Bill Bryson describes himself as a reluctant traveller, but even when he stays safely at home he can't contain his curiosity about the world around him. A Short History of Nearly Everything is his quest to understand everything that has happened from the Big Bang to the rise of civilization - how we got from there, being nothing at all, to here, being us.
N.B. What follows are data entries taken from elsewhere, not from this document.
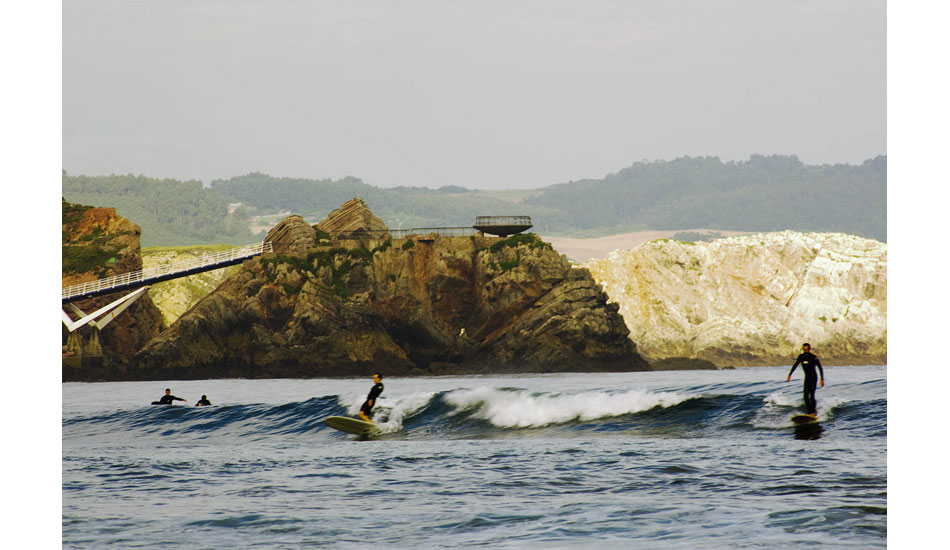 Salinas\' spread out sandbanks make it a logger\'s paradise. Photo: <a href= \"https://joaobracourt.com/\" target=_blank>Joao Bracourt</a>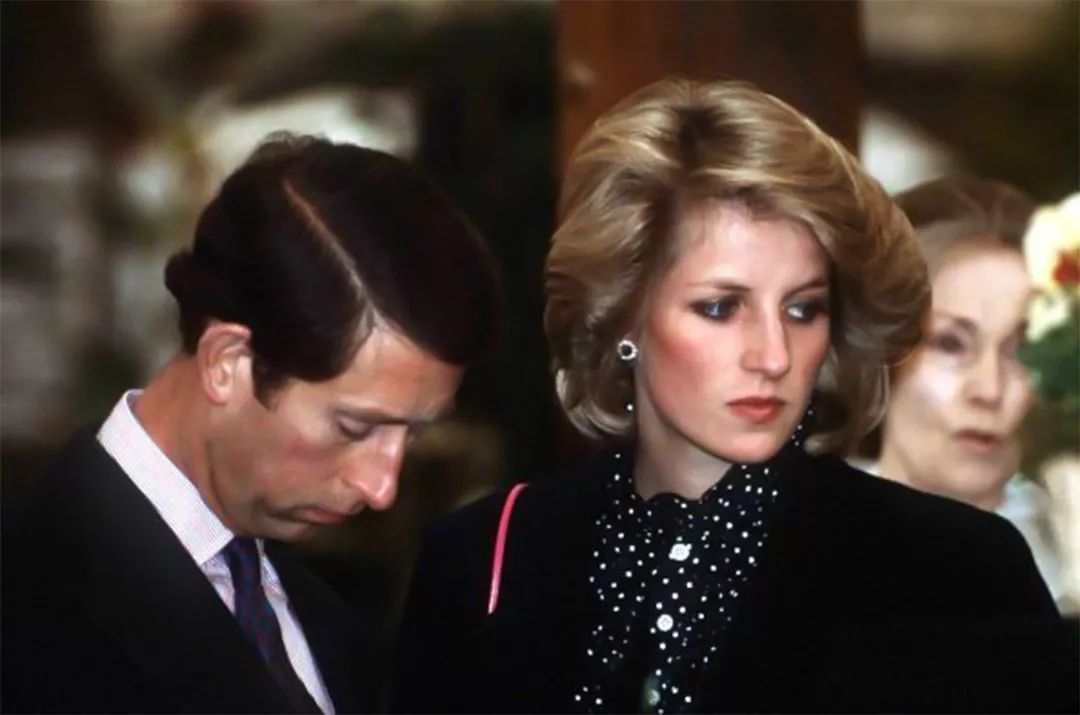 89年查尔斯与卡米拉的电话门被曝光后尴尬的王子想到死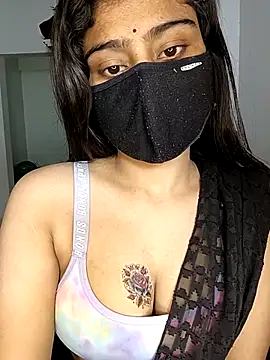 Snapshot of Love-N chatting on 11/29/25, 12:55 Love-N online show from 11/29/25, 12:55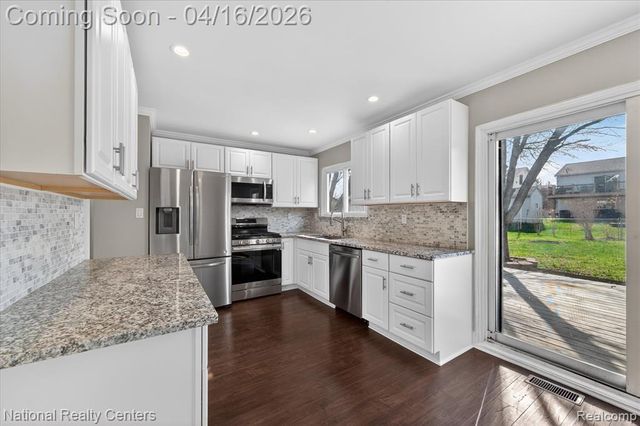 1760 S John Hix Street, Westland, MI 48186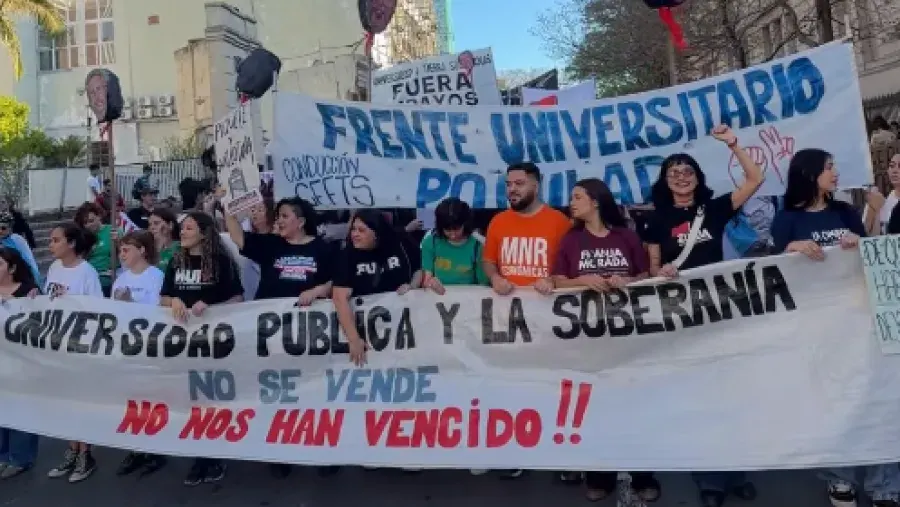 Paraná fue escenario de una masiva Quinta Marcha Federal Universitaria
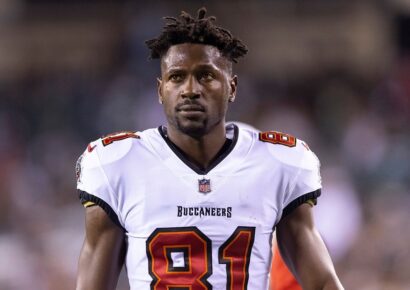 El exjugador de la NFL Antonio Brown es extraditado a EE.UU. para ser juzgado por intento de asesinato en Miami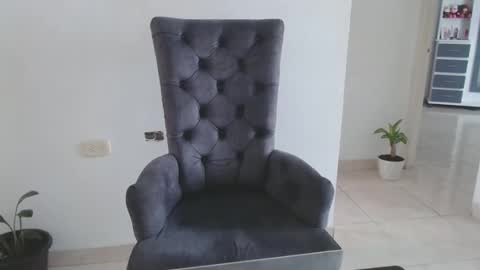 Maximuss online show from February 23, 3:37 pm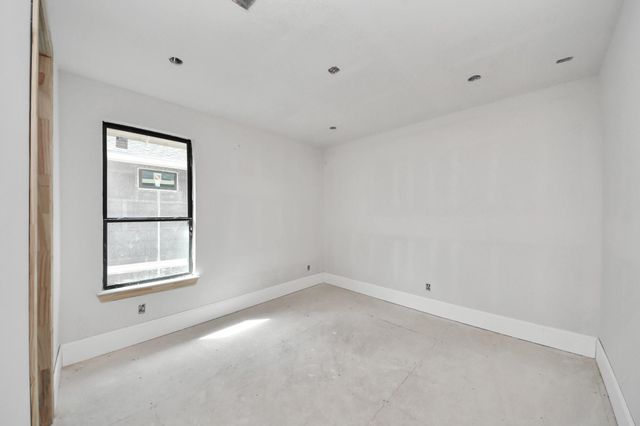301 Seaway Drive, League City, TX 77573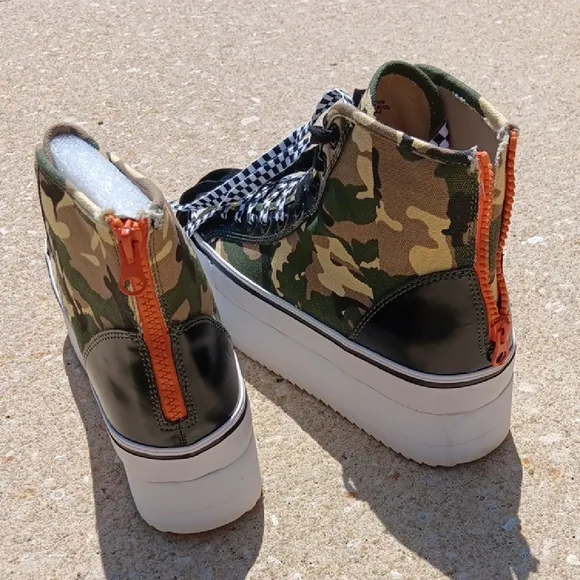 Steve Madden Green and Black Sneakers with Polka Dot Design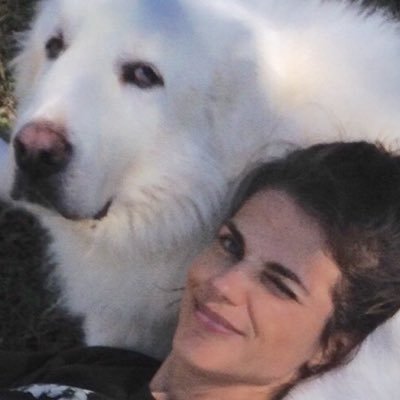 Profile Picture of Emily Capps (@TheEmilyCapps) on Twitter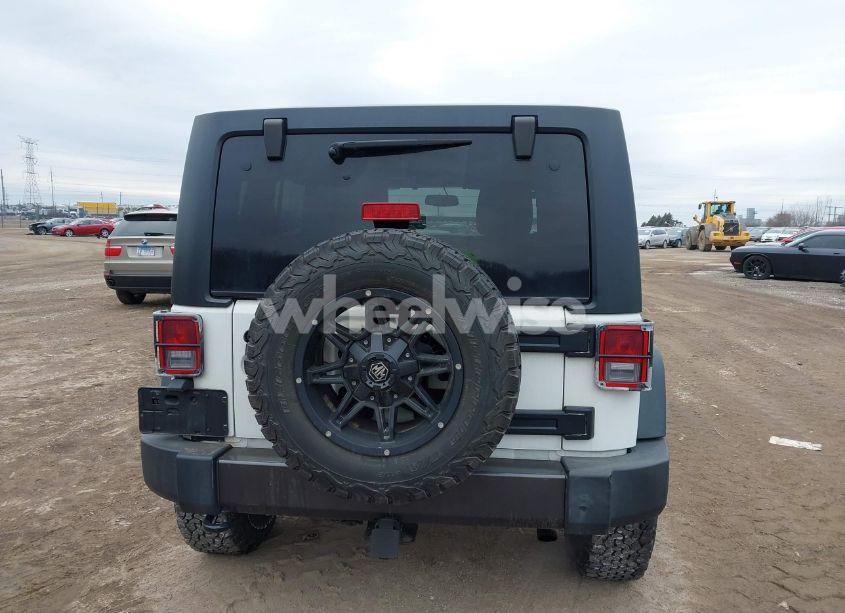 Photo 16 of 2017 Jeep Wrangler UNLIMITED BIG BEAR 4X4 (VIN 1C4BJWDG5HL665616)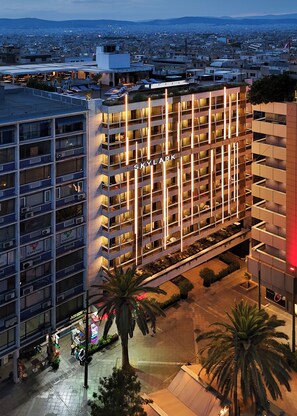 Exterior - Skylark, Aluma Hotel & Resort (Athens)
Bill Bryson's challenge is to take subjects that normally bore the pants off most of us, like geology, chemistry and particle physics, and see if there isn't some way to render them comprehensible to people who have never thought they could be interested in science.
The ultimate eye-opening journey through time and space, A Short History of Nearly Everything is the biggest-selling popular science book of the 21st century, and reveals the world in a way most of us have never seen it before.
Bill Bryson’s bestselling travel books include The Lost Continent and Notes from a Small Island, which in a national poll was voted the book that best represents Britain. Another travel book, A Walk in the Woods, has become a major film starring Robert Redford, Nick Nolte and Emma Thompson. His new number one Sunday Times bestseller is The Road to Little Dribbling: More Notes from a Small Island.
His acclaimed book on the history of science, A Short History of Nearly Everything, won the Royal Society’s Aventis Prize as well as the Descartes Prize, the European Union’s highest literary award. He has written books on language, on Shakespeare, on history, and on his own childhood in the hilarious memoir The Life and Times of the Thunderbolt Kid. His last critically lauded bestsellers were At Home: a Short History of Private Life, and One Summer: America 1927
Bill Bryson was born in the American Midwest, and now lives in the UK. A former Chancellor of Durham University, he was President of the Campaign to Protect Rural England for five years, and is an Honorary Fellow of the Royal Society.